While the latest terrorist attacks in Paris weren’t directed toward gays, they were certainly aimed at societies that tolerate gays, as well as separation of church and state, and a whole host of other modern concepts and approaches.
After my first trip to the Middle East (Egypt in 1997), I asked myself, what’s up with homosexuality in this part of the world?
On the first night of my trip, I strolled down a major avenue toward the Nile with my straight German friend, Mike. As we walked toward the river, enjoying the night air and evening atmosphere, dozens of men whistled at us.
Of course, homosexuality was illegal at the time—and still is. And yet, I received far more invitations than I’ve received in gay neighborhoods in my hometown of Chicago.
Play hopscotch across the Middle East and you’ll discover similar laws. The less separation of church and state or the more fanatically religious the government and/or a country’s citizens, the greater the opposition to homosexuality.
And such laws have been considered or adopted by sub-Saharan countries, too. But these African measures aren’t homegrown. No, these are exports of American evangelicals who have turned from spreading the Good News about Jesus to advocating for the guillotining of gays, the lynching of lesbians.
What is it about gays that so unhinges religious conservatives? After all, it takes two to tango and religious zealots can always just say no (sorry, Nancy Reagan, I realize I’ve perverted your words.)
So why are religious extremists afraid of two consenting adults of the same sex getting it on?
I can’t answer that question and I’m sure they can’t either (not rationally, anyway).

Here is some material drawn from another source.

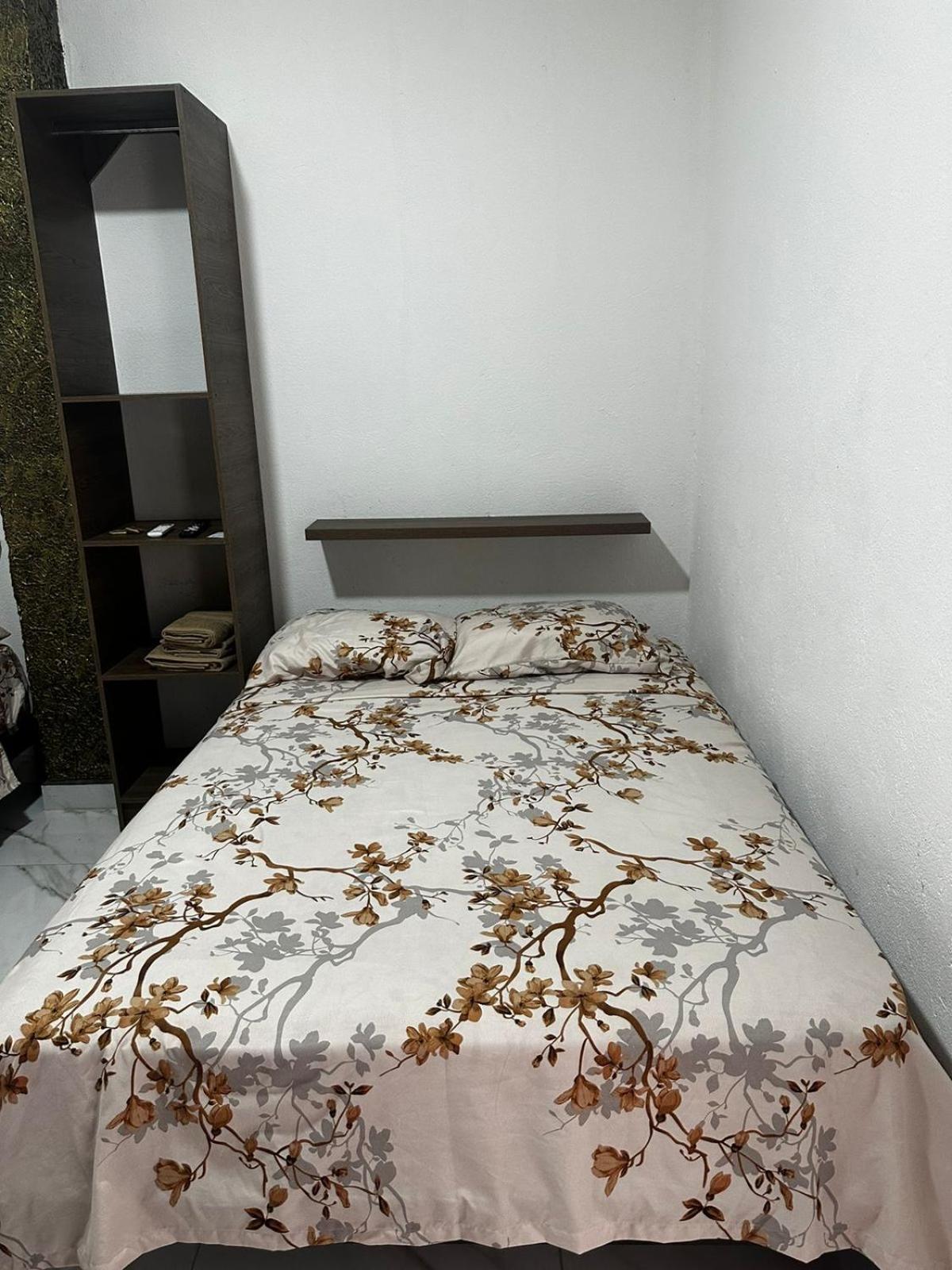 Casa Palmamar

But lest we in the West feel superior and more evolved, we best watch our flanks—and those dark corners of our countries inhabited by religious zealots. After all, in Israel orthodox Jews have recently attacked gays and Italy’s government, influenced by the Catholic church, is an outlier in Europe by not joining its peers in supporting gay marriage.
And here in the U.S., Red States and the Republican Party continue to scheme to overturn gay marriage and even gay rights. Recently, perhaps inspired by Uganda, ISIS and Saudi Arabia, some American evangelists have proposed putting gays to death.
On a more hopeful note, there are a growing number of religious moderates. Let’s hope—and pray—that whatever their religion, it is these moderates’ positions on gays, government and society that prevail.